Area 7: Bridging the “Intention Gap” in Multimedia Search & Large-Scale Ontology-based Semantic Learning

Area 7: Bridging the “Intention Gap” in Multimedia Search & Large-Scale Ontology-based Semantic Learning

The proliferation of user-generated contents in the form of text, images, and videos has led to a surge of research into “user-centric” multimedia applications, such as multimedia search, recommendation, and advertisement etc. Pivotal to these research and development efforts is the understanding of users’ intents in large-scale media search. In particular, we have been working to narrow down the “Intention Gap” in multimedia search. As illustrated in Figure 7.1, there often exists an “Intention Gap” between a user’s search intent and the query, posing difficulty in understanding user’s search intent by the search engine and leading to unsatisfactory search results.

Figure 7.1. “Intention Gap” in multimedia search.


We working along two lines of research to tackle the “Intension Gap” problem. One is to exploit user feedbacks to infer user search intent, and the other is to sense user intent from user-generated content. Figure 7.2 shows the snapshots of some of our proposed techniques, including (a) Visual Query Suggestion, a new query suggestion scheme that provides users with both keyword and image suggestions; (b) Related Sample Feedback, introducing a new category of samples termed “related samples“, which are related to part of the query and may help to find the relevant samples in a relevance feedback mechanism; and (c) Attribute Feedback, a recently developed interactive multimedia search system that goes beyond conventional relevance feedback by allowing users to provide feedbacks on semantic attributes, which act as the bridge connecting user’s search intent and low-level visual features.

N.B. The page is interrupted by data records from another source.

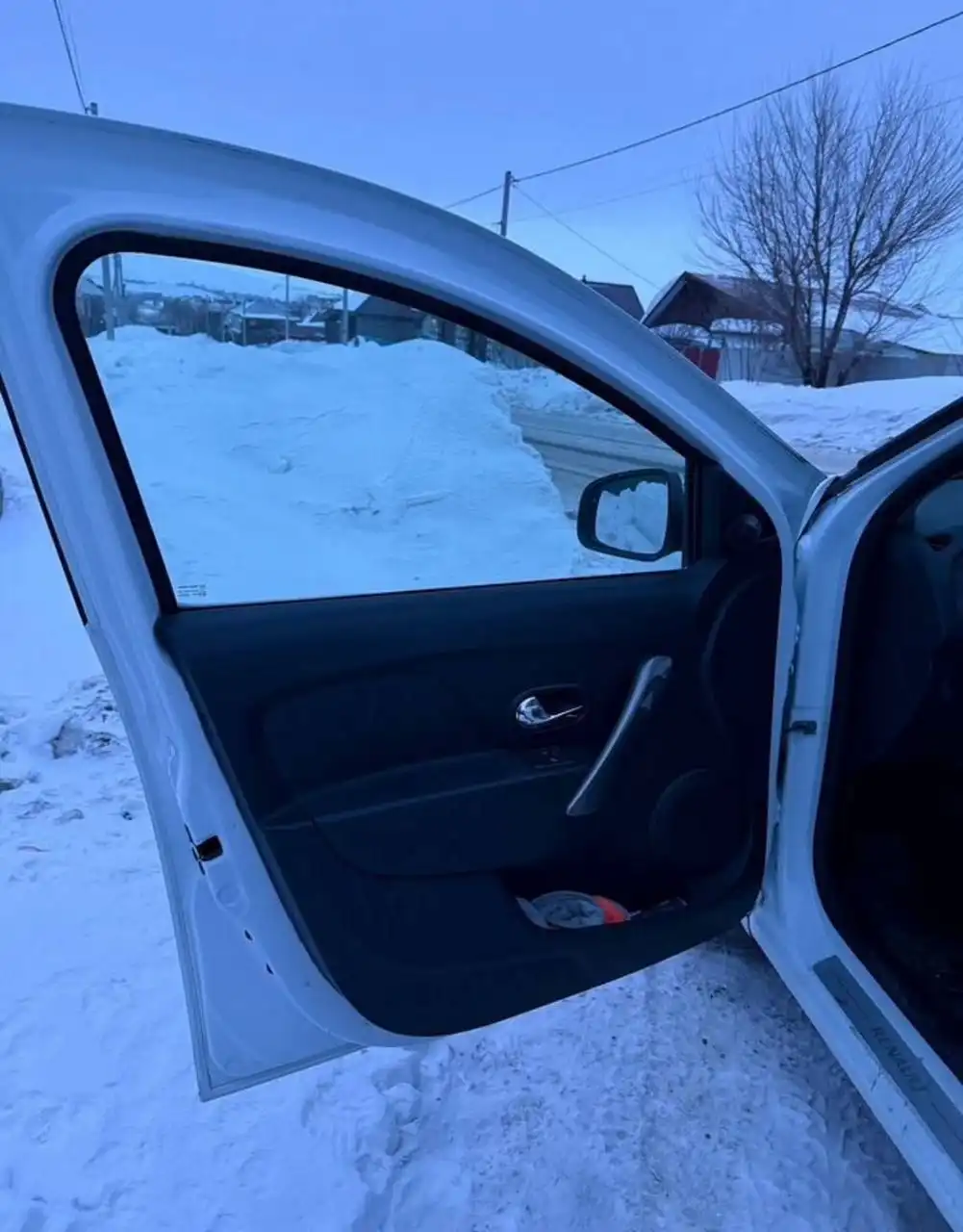 Renault Logan 1.6 МТ 2014 года в хорошем состоянии - Легковые автомобили (Авто) в Оренбург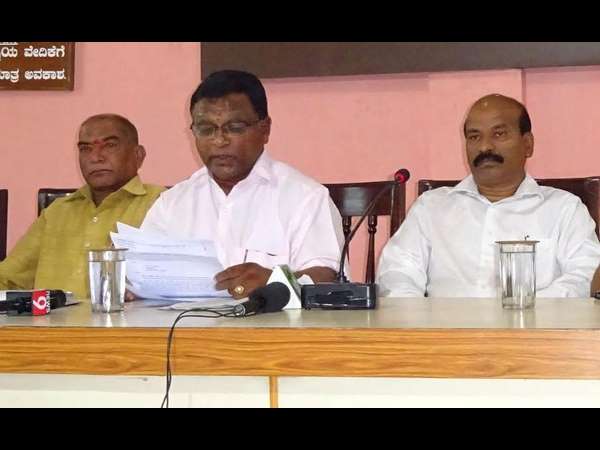 ಉಸ್ತುವಾರಿ ಸಚಿವ ಸೀತಾರಾಂಗೆ ತಿಳಿಯದ ಗೊಂದಲ ಉಸ್ತುವಾರಿ ಸಚಿವ ಸೀತಾರಾಂಗೆ ತಿಳಿಯದ ಗೊಂದಲ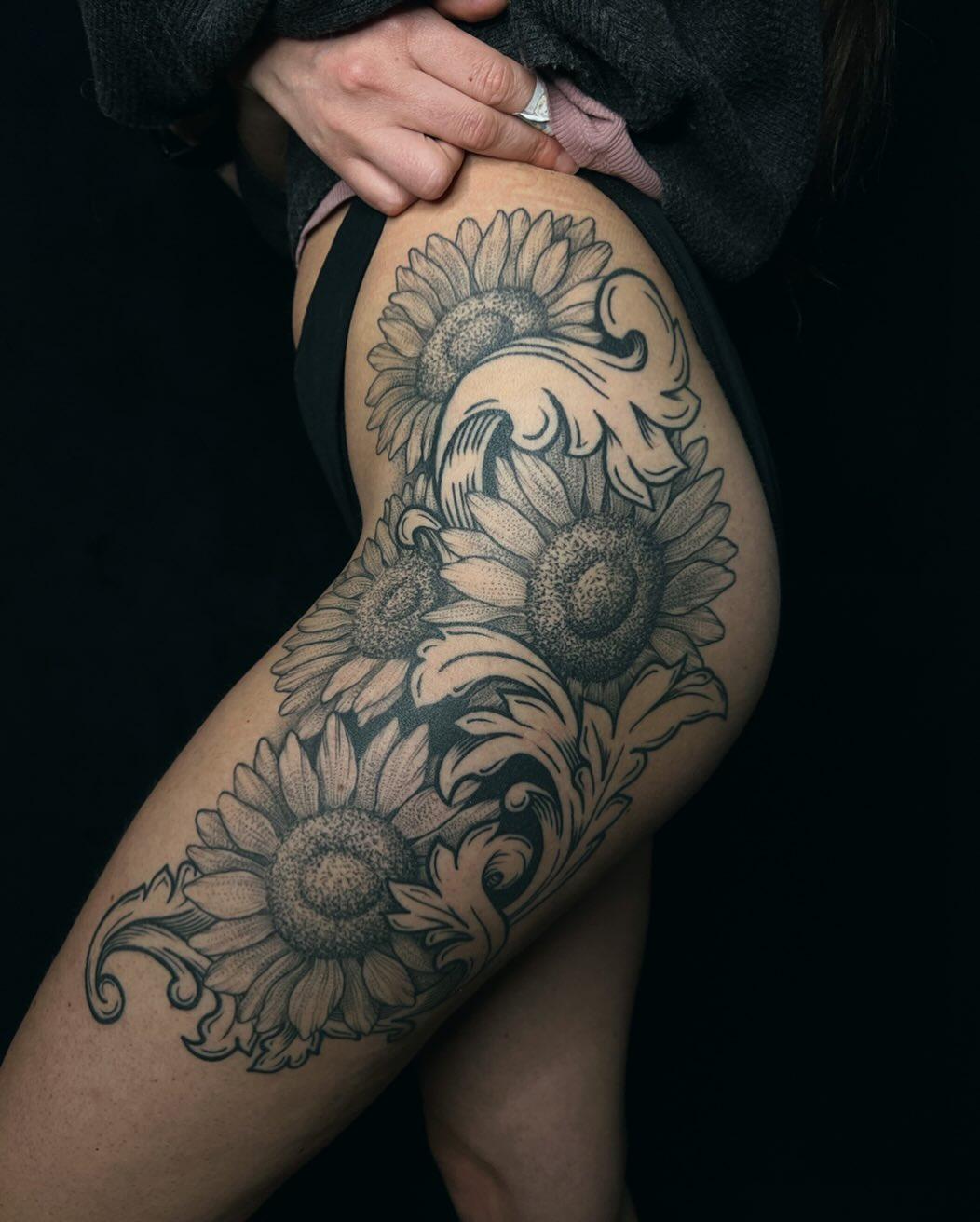 Tournesols blackwork cicatrisés — art.d.lix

Figure 7.2. Snapshots of our proposed techniques towards bridging the “Intention Gap”.


In parallel with the above research, we are starting a new line of research on large-scale ontology-based learning of semantics from multimedia content, aiming for semantic representation of multimedia entities. We will further exploit semantic representation to replace or complement visual representation to advance current multimedia applications.